Quality in pentesting can mean different things for different groups of people--from the prospective buyer to an existing customer, to the pentester delivering the test, to practitioners in our industry. There are several factors that make up a good pentest; in this series, I want to uncover which of these factors is important to whom and when.


First, it is important for us to consider quality as an overall measure; not just at each step of a process, but rather as an overall measure and a sum of many parts. While quality may be perceived or defined one way by one participant, it can look very different to others. For example, a pentester might feel they did a great job and uncovered worthwhile findings--meanwhile, a customer may not feel the same way if their environment was negatively impacted during the test. As such, there are multiple areas where quality can be explored and dissected.

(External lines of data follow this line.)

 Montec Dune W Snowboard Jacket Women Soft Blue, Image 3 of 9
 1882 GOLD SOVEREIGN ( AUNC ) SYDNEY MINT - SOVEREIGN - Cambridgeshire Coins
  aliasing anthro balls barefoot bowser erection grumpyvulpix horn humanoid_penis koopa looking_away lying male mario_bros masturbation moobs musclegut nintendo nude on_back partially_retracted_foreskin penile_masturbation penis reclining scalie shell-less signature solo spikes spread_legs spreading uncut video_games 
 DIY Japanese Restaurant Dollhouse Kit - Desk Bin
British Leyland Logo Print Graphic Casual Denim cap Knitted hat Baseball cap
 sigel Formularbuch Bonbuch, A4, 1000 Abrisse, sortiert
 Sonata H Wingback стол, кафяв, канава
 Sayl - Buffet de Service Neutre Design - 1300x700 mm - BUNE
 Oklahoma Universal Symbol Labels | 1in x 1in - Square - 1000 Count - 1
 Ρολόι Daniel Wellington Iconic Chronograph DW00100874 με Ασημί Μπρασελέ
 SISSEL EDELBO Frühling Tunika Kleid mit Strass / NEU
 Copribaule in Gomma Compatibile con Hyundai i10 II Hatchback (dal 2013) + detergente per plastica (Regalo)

Using pentesting as an example, we can discuss how quality impacts every step of what we call the pentesting lifecycle. This will also allow us to bring in different perspectives from the different people involved at each stage, and enable us to explore how each of these perspectives defines quality.

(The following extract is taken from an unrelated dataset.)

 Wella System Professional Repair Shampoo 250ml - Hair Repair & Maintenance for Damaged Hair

For reference, here is the pentesting lifecycle as we see it at Cobalt:


  1. Preparation - This includes the sales cycle, scope agreement, and credential sharing; in short, everything that is needed to perform the test is gathered during this step.


  2. Kickoff - This is where stakeholders and testers meet to align their expectations and approach.

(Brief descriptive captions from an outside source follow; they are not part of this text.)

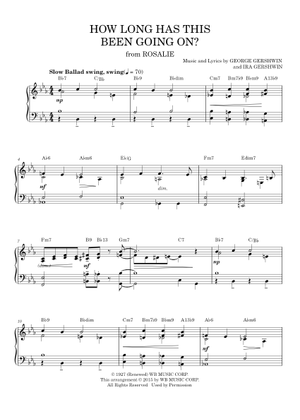How Long Has This Been Going On? の公式楽譜を演奏する by George Gershwin ピアノ ...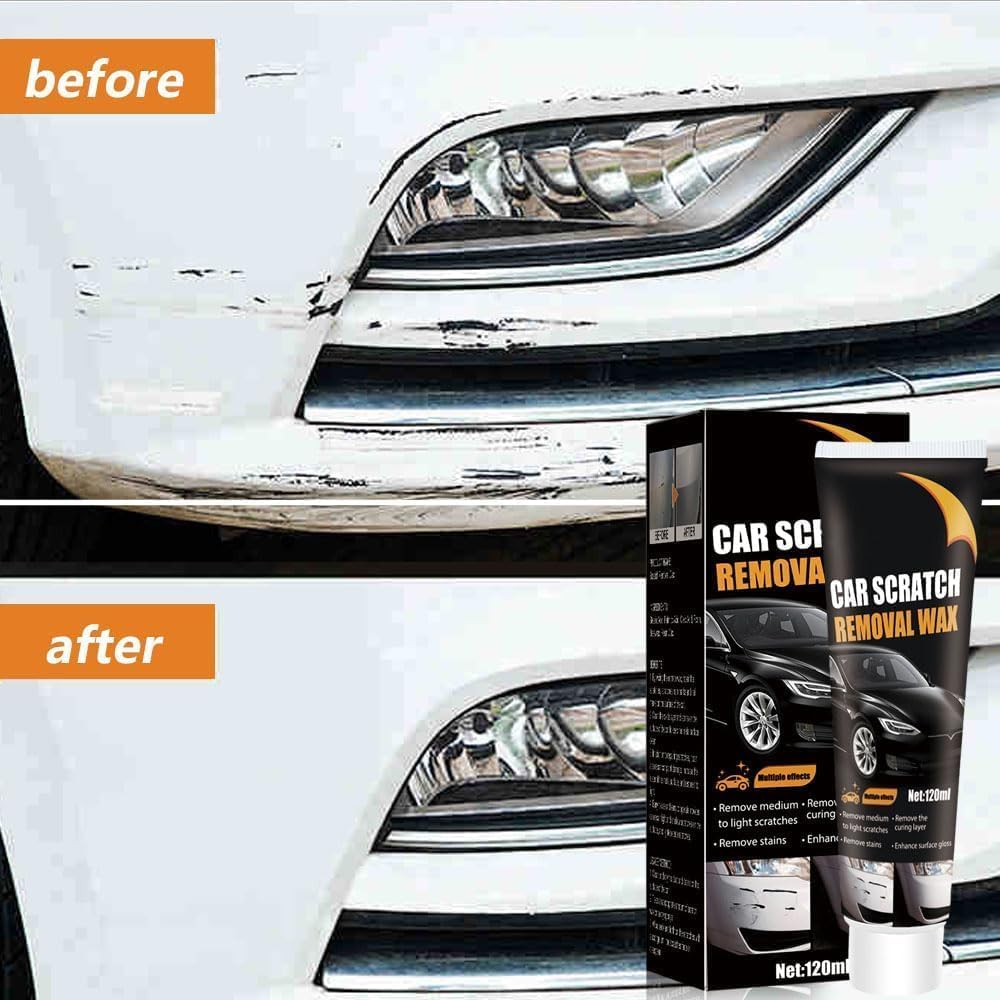 PINKE Car Scratch Repair Paste and Remover Kit - Premium Polishing Wax With Wipe & Sponge for Deep Scratches on Vehicles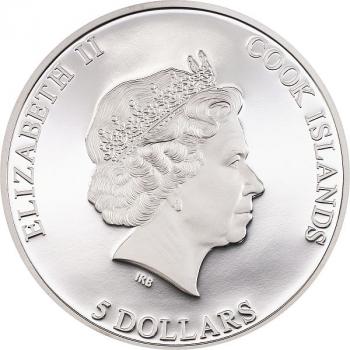 Preview: Cook Islands - Big City Lights - New York 1 oz Silver 2022 PP Silber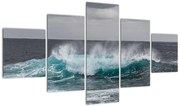 Obraz - Fale w oceanie (125x70 cm)
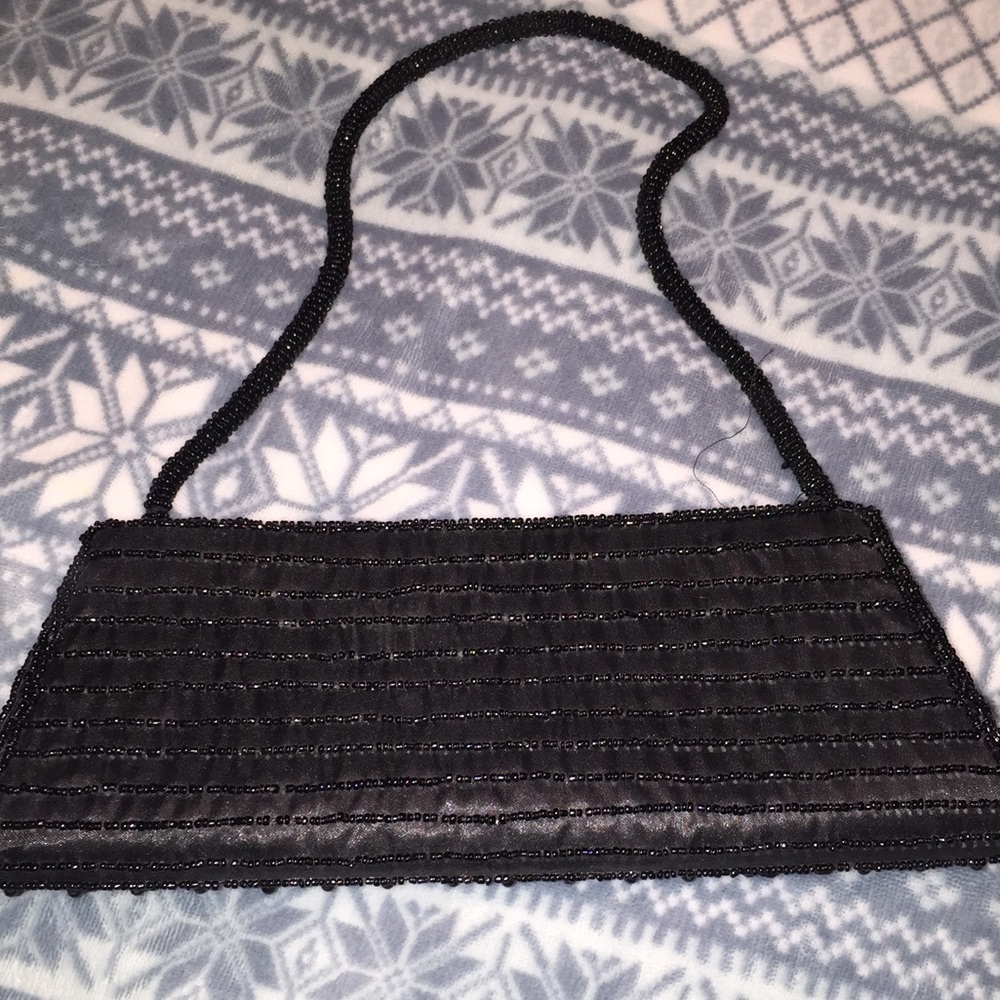 Dressy beaded hand bag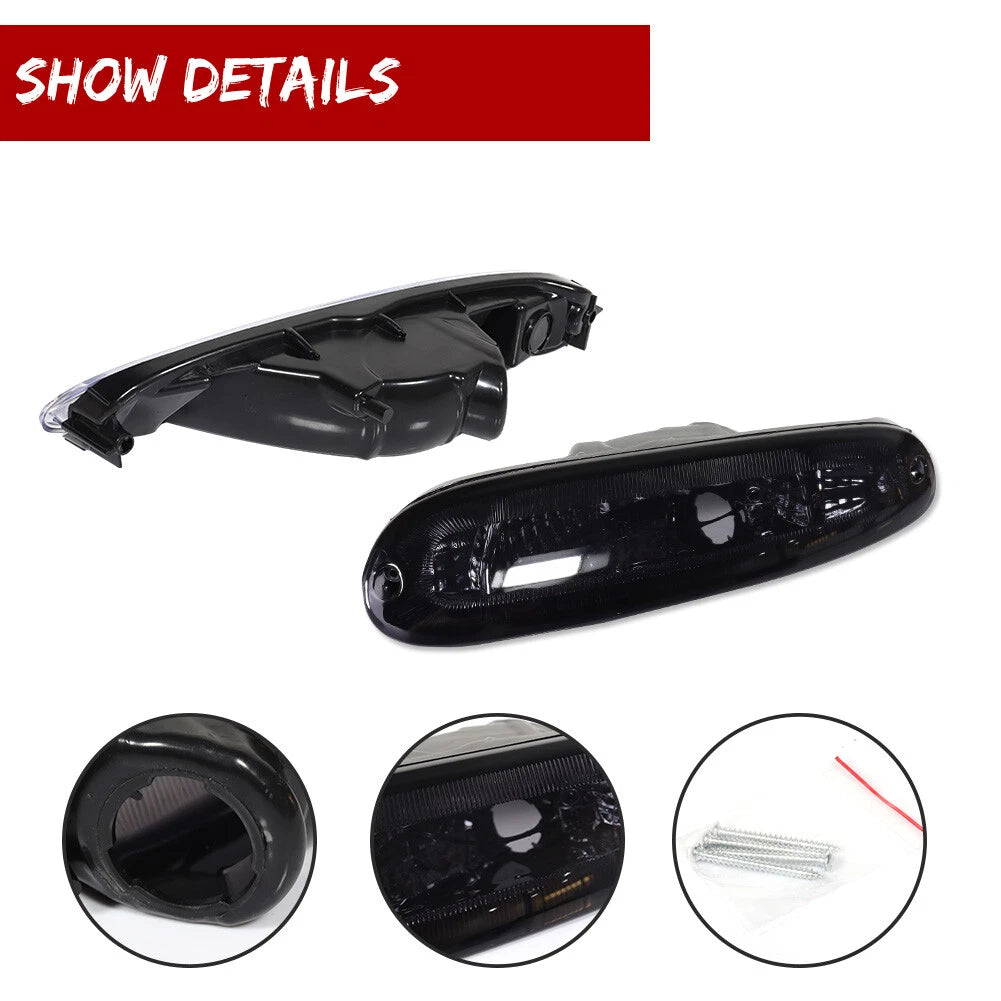 Set of 2 Smoked Turn Signal Lights for Mazda MX-5 Miata (1990–1997)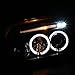 Spec-D Tuning LHP-CHG05JM-TM Dodge Charger Halo Led Projector Head Lights Black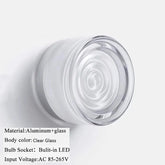 Modern Stylish Fashion Art Creative Lustre Lights Glass Stone Round Sconce LED Wall Lamps for Bedroom Home Decoration Chandelier Jonine’s Corner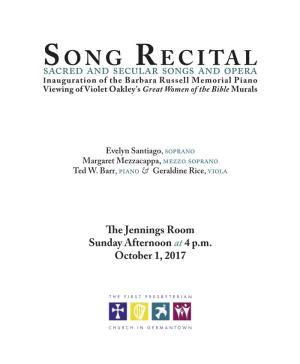 Song Recital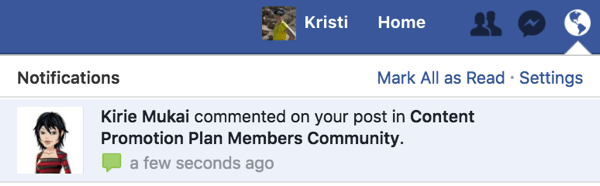 Recevez une notification lorsque quelqu'un demande à rejoindre votre groupe Facebook.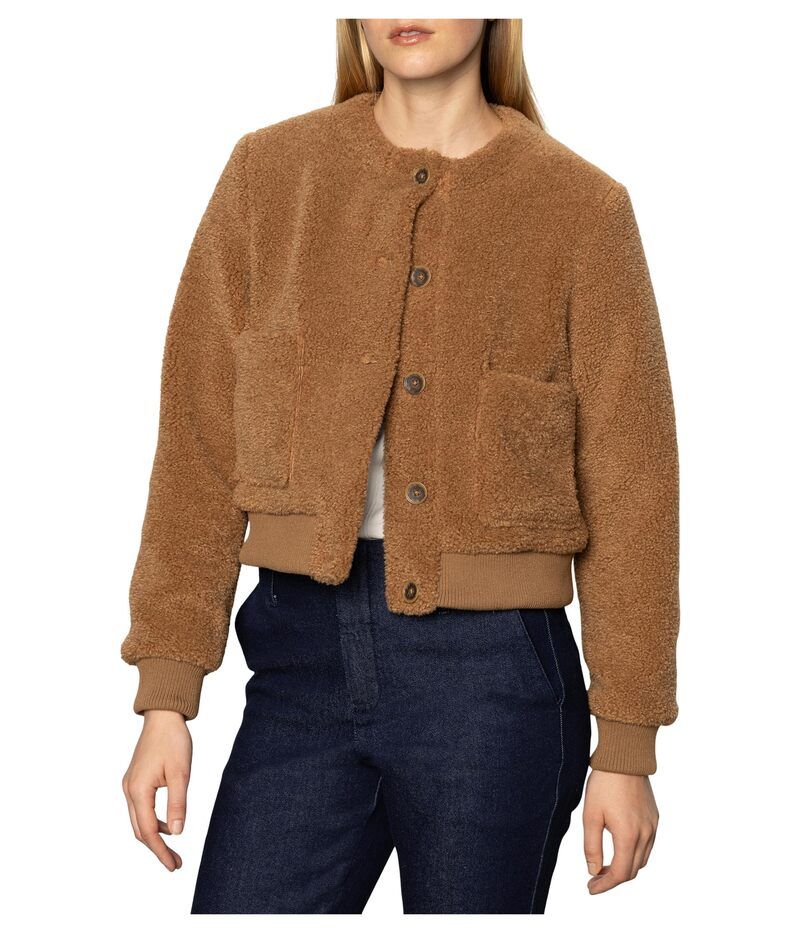サンクチュアリー レディース アウター ニット・セーター Sanctuary Teddy Cardi Bronze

  3. Testing - This is the main activity for the penetration testers; it includes discovery, threat modeling, exploitation, post-exploitation - all of which we will touch on in more detail in future installments of this conversation."


  4. Reporting - Here, we document and share our testing and findings with customers and/or stakeholders.


  5. Re-testing - This is where the recommended remediation steps are implemented by our customer and we double-check their efforts to ensure the vulnerabilities are no longer present and the exploits are no longer viable.


  6. Feedback - Here, we gather information about how the test went, how pentesters performed, how engaged the customer was, etc.


Each of these stages presents opportunities to align all teams involved, which will provide a better understanding of the needs, expectations, scope, and requirements that each group has. Gaining this close alignment gives us the ability to see how to attain quality in the overall process.


Every one of these stages has different stakeholders and teammates working on them. Each area is required to fully explore the scope of the engagement, and each is critical to the definition of and successful delivery of quality. With so many voices in play, early alignment and constant communication is not only important but critical to have a sense of quality.


In this series, I will be exploring the topic of quality across the pentesting lifecycle to better understand the drivers, hurdles, and expectations of everyone involved. This exploration will be over a number of mediums: from articles to webcasts, and even speaking engagements. I will chat with customers, colleagues, and practitioners on the front lines to include their varying perspectives into the narrative to help define what quality in pentesting means.